The Balanced Scorecard is a strategic performance management framework that has been designed to help an organisation monitor its performance and manage the execution of its strategy. Kaplan and Norton (1996a, 1996b) pointed out that the implementation of the Balance Score Card is to attain the following goals clarify and translate vision and strategy, communicate and link objectives and measures, plan, set targets, and align strategic initiatives; and enhance strategic feedback and learning.

A growing number of firms are replacing their financially-based performance measurement and compensation systems with a “balanced scorecard” incorporating multiple financial and nonfinancial indicators. Proponents of the balanced scorecard concept contend that this approach provides a powerful means for translating a firm’s vision and strategy into a tool that effectively communicates strategic intent and motivates performance against established strategic goals (Kaplan and Norton, 1996).

Kaplan and Norton (1992, 1996) developed the balanced scorecard concept to address the perceived shortcomings in financially-oriented performance measurement systems. The balanced Score card approach supplements traditional financial measures with non-financial measures focused on at least three other perspectives–customers, internal business processes, and learning and growth. According to the Financial Gazette dates 24 July 2009, it pointed out that more and more organisations today are resorting to the balanced scorecard as a performance management system.

This method of performance management allows performance to be measured across four different perspectives, where traditionally it was based on financial indicators alone. The four balanced scorecard perspectives are financial, customer, internal business processes and learning and growth. Through the use of the various perspectives, the Balance Score Card captures both leading and lagging performance measures, thereby providing a more “balanced” view of company performance.

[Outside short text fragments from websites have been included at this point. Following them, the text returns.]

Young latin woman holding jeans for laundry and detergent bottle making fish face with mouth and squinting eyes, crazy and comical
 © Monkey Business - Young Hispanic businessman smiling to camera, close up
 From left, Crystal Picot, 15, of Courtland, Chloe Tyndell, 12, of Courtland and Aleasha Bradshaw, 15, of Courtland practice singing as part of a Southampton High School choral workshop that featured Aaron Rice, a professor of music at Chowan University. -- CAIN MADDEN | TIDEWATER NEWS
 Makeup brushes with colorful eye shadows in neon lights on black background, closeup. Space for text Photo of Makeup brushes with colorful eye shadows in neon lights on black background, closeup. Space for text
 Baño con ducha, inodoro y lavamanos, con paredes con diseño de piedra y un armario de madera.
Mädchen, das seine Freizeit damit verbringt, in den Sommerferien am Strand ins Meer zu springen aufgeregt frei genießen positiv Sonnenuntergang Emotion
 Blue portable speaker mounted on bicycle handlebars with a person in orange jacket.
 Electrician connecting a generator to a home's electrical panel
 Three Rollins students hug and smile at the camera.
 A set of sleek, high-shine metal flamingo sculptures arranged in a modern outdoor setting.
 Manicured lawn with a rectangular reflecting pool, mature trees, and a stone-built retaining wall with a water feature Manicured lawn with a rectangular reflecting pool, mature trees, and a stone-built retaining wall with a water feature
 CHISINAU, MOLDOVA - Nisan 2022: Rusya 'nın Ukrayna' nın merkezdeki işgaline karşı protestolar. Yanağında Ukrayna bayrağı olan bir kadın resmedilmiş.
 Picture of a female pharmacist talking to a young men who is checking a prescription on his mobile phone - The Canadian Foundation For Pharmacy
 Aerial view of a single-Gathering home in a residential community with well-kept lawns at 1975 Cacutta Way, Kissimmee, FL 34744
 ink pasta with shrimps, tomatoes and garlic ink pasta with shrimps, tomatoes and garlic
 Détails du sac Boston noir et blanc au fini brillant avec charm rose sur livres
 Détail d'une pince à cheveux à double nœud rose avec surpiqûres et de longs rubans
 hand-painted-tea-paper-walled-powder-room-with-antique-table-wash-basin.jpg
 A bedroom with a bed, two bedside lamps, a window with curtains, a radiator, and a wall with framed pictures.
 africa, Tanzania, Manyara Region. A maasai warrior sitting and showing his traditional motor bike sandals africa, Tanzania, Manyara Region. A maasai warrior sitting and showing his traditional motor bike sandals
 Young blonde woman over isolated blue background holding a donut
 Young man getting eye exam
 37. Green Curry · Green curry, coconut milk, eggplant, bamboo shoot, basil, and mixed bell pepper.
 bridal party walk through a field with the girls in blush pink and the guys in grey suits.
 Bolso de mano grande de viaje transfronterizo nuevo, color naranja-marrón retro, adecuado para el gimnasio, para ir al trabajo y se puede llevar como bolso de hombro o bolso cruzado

Leading indicators include measures, such as customer satisfaction, new product development, on-time delivery and employee competency development. Traditional lagging indicators include financial measures, such as revenue growth and profitability. The Balance Score Card performance management systems have been widely adopted globally, in part, because this approach enables organizations to align all levels of staff around a single strategy so that it can be executed more successfully.

The balanced scorecard’s relevance also lies as it lets executives see whether they have improved in one area at the expense of another .Essentially the balanced scorecard is a framework of the four most important aspects of an organization (financial, customer, learning and growth and internal business process) that enable predictions to be made about performance on a number of levels and this is shown below

Financial Perspective

The balance Score Card is relevant to the organization in the sense that it gives the organization the ability to provide financial profitability and stability (private) or cost-efficiency/effectiveness (public).Also it is fully adequate in most organization and is adequately distributed. The companies are able to succeed financially and the share holders will be happy because of the cash flow within the organization. Managers are able to track financial success and shareholder value.

Customer perspective

Furthermore the balance score card enables the organization to have the ability to provide quality goods and services, delivery effectiveness, and customer satisfaction by offering after sales service, visiting customers to verify whether the product they sold are of good quality and they are not problematic to the customer. Again The Balance score card enables the organization to be performing well in a business scenario by practicing customer ranking survey, customer satisfaction index and even market share.( Robert Kaplan and Dr. David Norton 1992).With The Balance score card managers the organization is able to cover customer objectives such as customer satisfaction, market share goals as well as product and service attributes.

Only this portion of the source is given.